Understanding System Calls

In this document, we walk through the functions and steps that are involved in (a) starting a user-level program, (b) handling system calls in the OS, and (c) invoking system calls at the user-level.

You should read this document together with the OS/161 source code files that it refers to. For maximum benefit, you should run OS/161 under the control of the debugger, and be able to browse the source code, while working through this document.

In a real operating system, the kernel's main function is to provide support for user-level programs. Most such support is accessed via "system calls." We give you one system call, reboot(), which is implemented in the function sys_reboot() in src/kern/main/main.c. In GDB, if you put a breakpoint on sys_reboot and run the "reboot" program (by typing "p /sbin/reboot" at the OS/161 menu prompt), you can use "backtrace" to see how it got there.

User level programs

Our System/161 simulator can run normal programs compiled from C. The programs are compiled with a cross-compiler, cs161-gcc. This compiler runs on the host machine and produces MIPS executables; it is the same compiler used to compile the OS/161 kernel. To create new user programs, you will need to edit the Makefile in bin, sbin, or testbin (depending on where you put your programs) and then create a directory similar to those that already exist. Use an existing program and its Makefile as a template. You will want to create new user-level test programs that use the system calls you are adding.

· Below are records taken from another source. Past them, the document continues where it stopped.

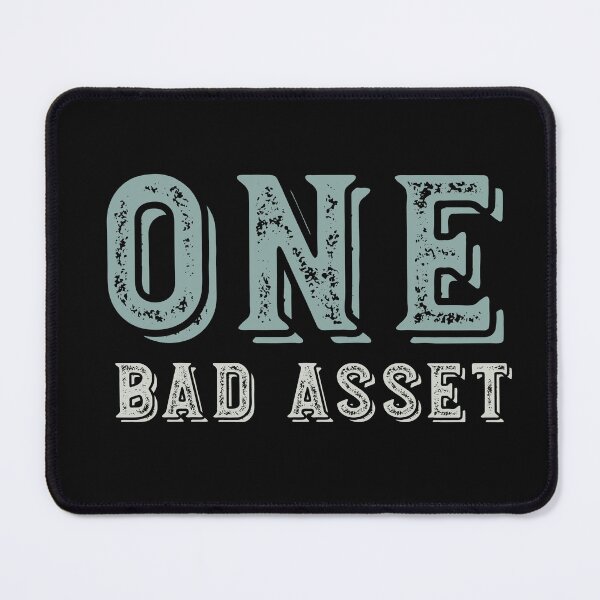 Item preview, Funny Accounting Pun One Bad Asset designed and sold by whyitsme.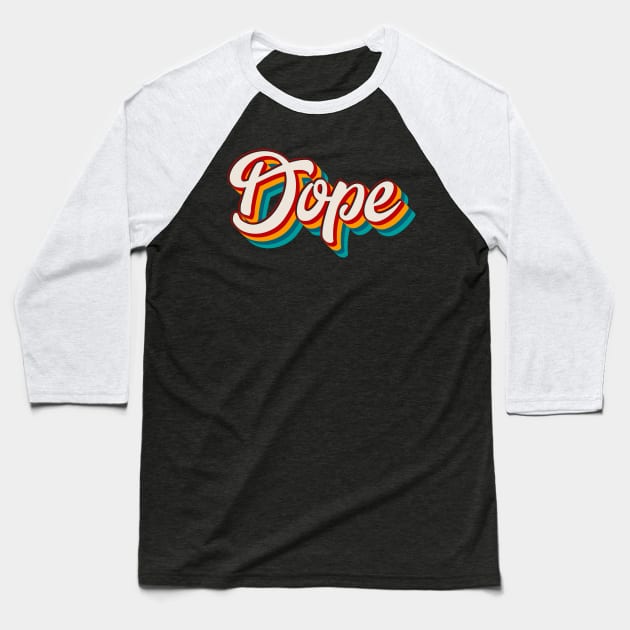 Dope Baseball T-Shirt by n23tees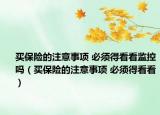 买保险的注意事项 必须得看看监控吗（买保险的注意事项 必须得看看）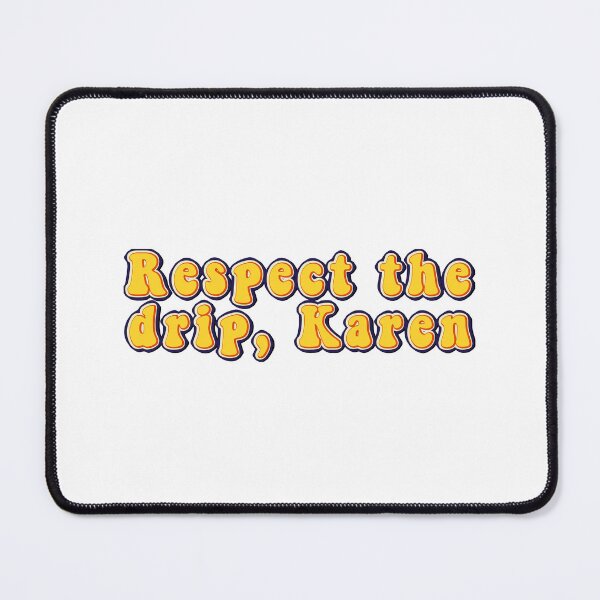 Item preview, Respect the drip designed and sold by Stixdesigns.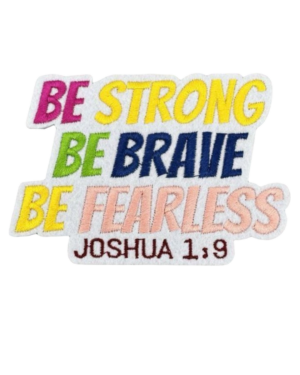 Be strong be brave christian patches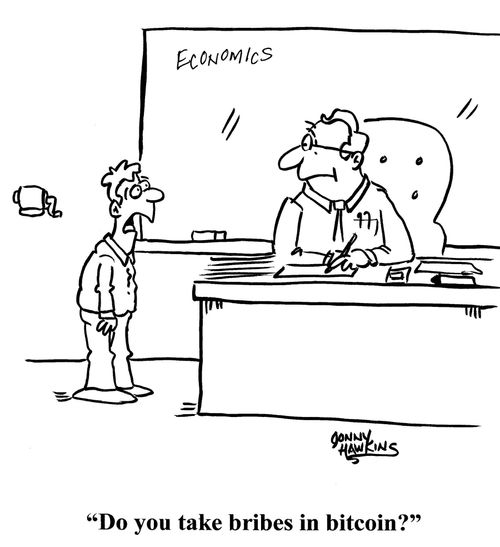 "Do you take bribes in bitcoin?"
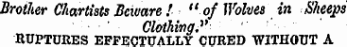 Brother Chartists Beware ! " of Wolves in Sheeps Clothing." RUPTURES EFFECTUALLY CURED WITHOUT A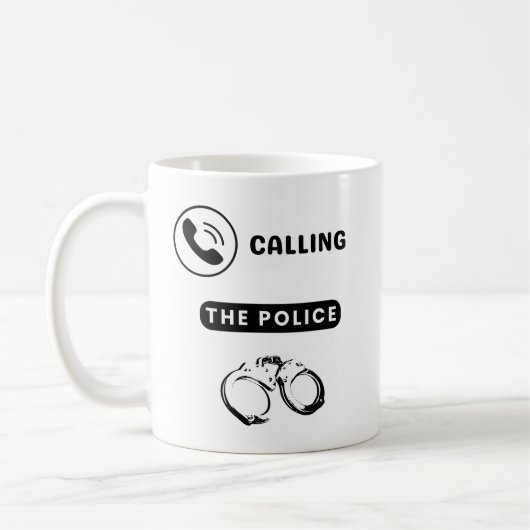 Ich rufe die Polizei Kaffeetasse (Links)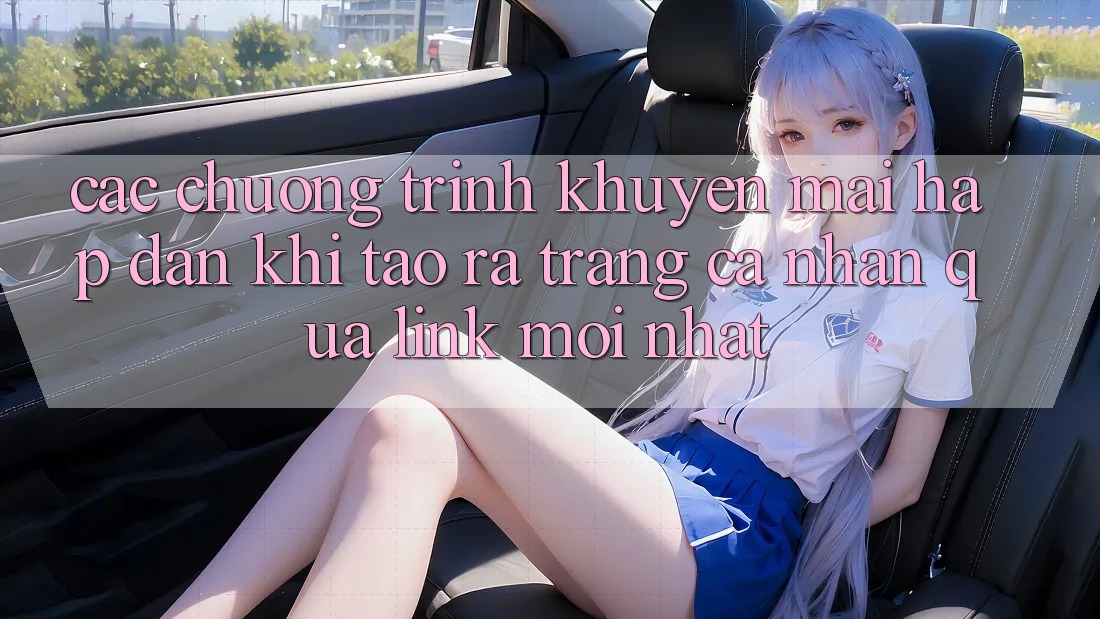 Các chương trình khuyến mãi hấp dẫn khi tạo ra trang cá nhân qua link mới nhất Các chương trình khuyến mãi hấp dẫn khi tạo ra trang cá nhân qua link mới nhất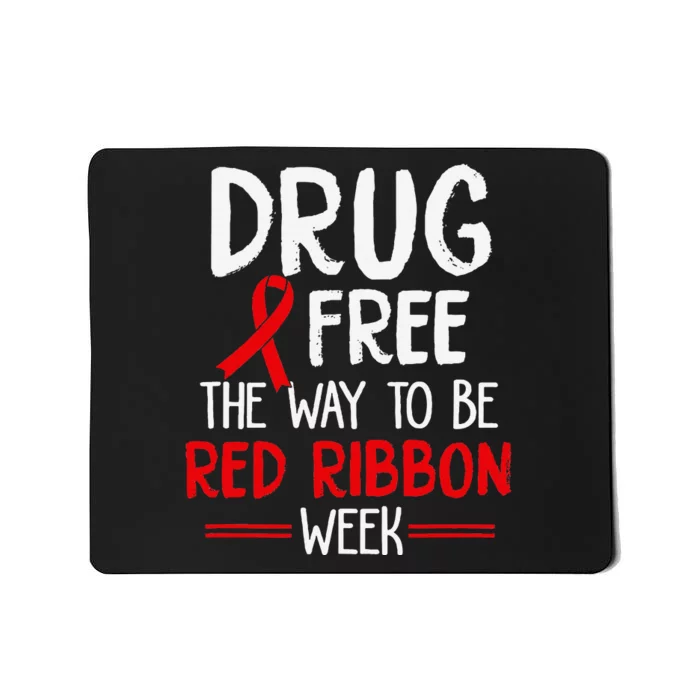 Drug Free The Way To be Red Ribbon Awareness Week Mousepad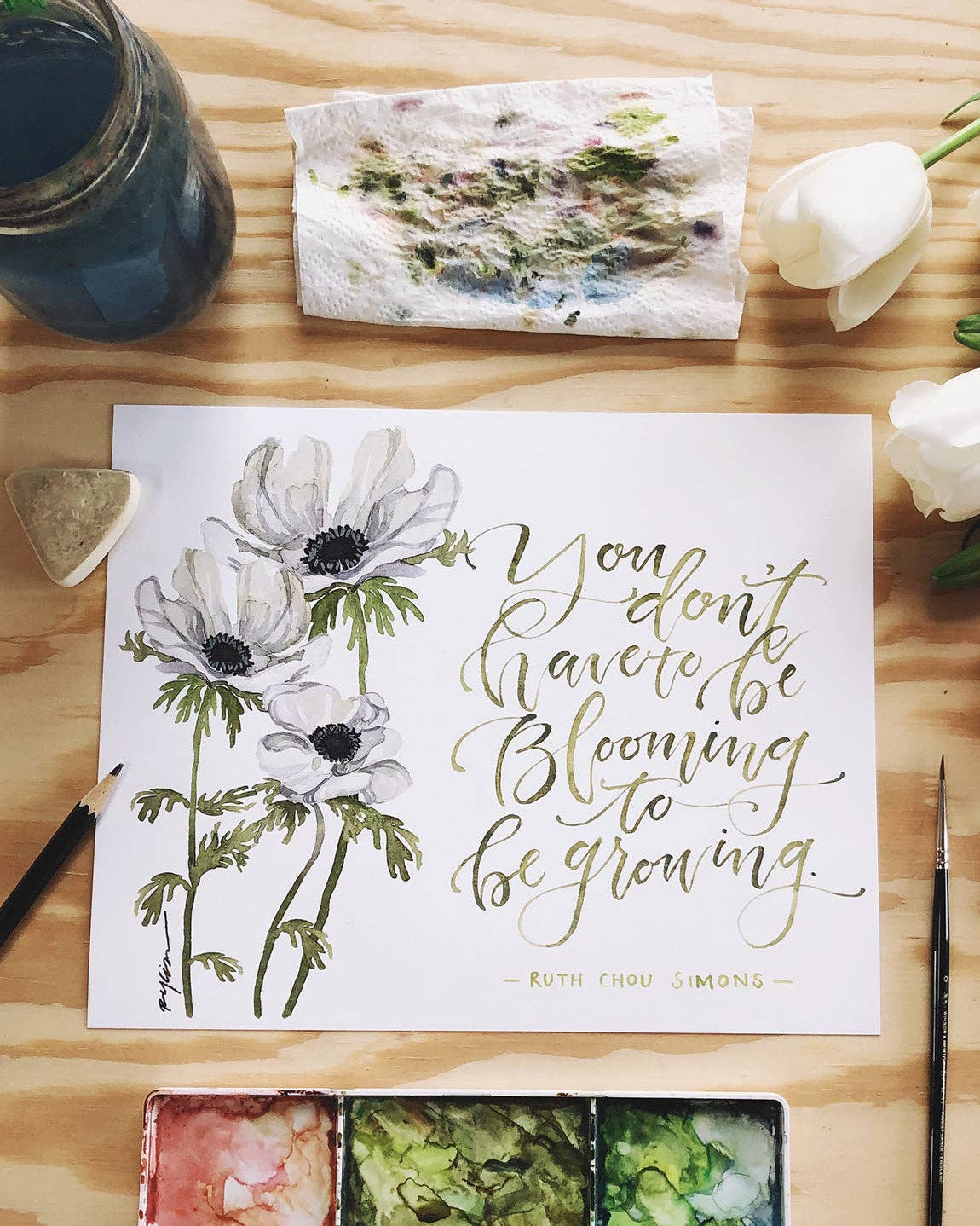 You Don't Have to Be Blooming to Be Growing Print: 8x10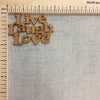 Live Laugh Love - MDF Cutout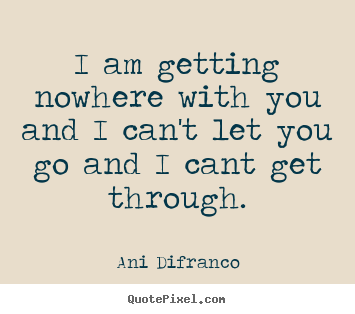 I am getting nowhere with you and i can't let.. Ani Difranco top love quote
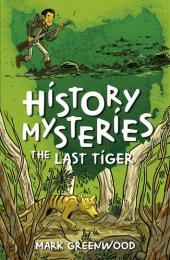 book History Mysteries: The Last Tiger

Getting to user-mode (starting a user-level program)

Examine kern/main/menu.c to see how the "p" menu command is handled. This command allows us to load and execute a single user-level program. We will describe this in great detail, most of which is not of critical importance for this assignment. You will need to understand this eventually, however, and the sooner the better.

The menu() function loops forever printing the menu prompt, getting a string from the console, and calling menu_execute to handle the input. Looking at menu_execute, we see that it separates the input into individual commands (indicated by a semi-colon) and then calls cmd_dispatch for each command. In cmd_dispatch, the name of the command is separated from its arguments, and the name is looked up in the cmdtable data structure. This table stores the string name of each menu command and a function pointer to the function that should handle that command.

Looking at the cmdtable declaration, we find that the "p" command is handled by calling the cmd_prog function. This function simply strips off the "p" part and passes the rest of the input to the common_prog function. Looking at common_prog we see that it calls thread_fork, creating a new thread to run the specified user-level program. Following this call to thread_fork, our system has 2 threads - the initial boot thread that runs the menu() loop, and this new thread that runs the requested user-level program. You can look at kern/thread/thread.c to see what thread_fork() does, but the important thing right now is that the fourth argument to thread_fork specifies the function that the new thread should start executing (in this case, cmd_progthread), and the second and third arguments to thread_fork are the arguments to pass to that function (in this case, the name of the program to load). The cmd_progthread function calls runprogram, passing it the name of the program to load and execute. Note that if runprogram is successful, the thread will continue with the execution of the user-level program and will never return to cmd_progthread. Now let's consider how runprogram operates.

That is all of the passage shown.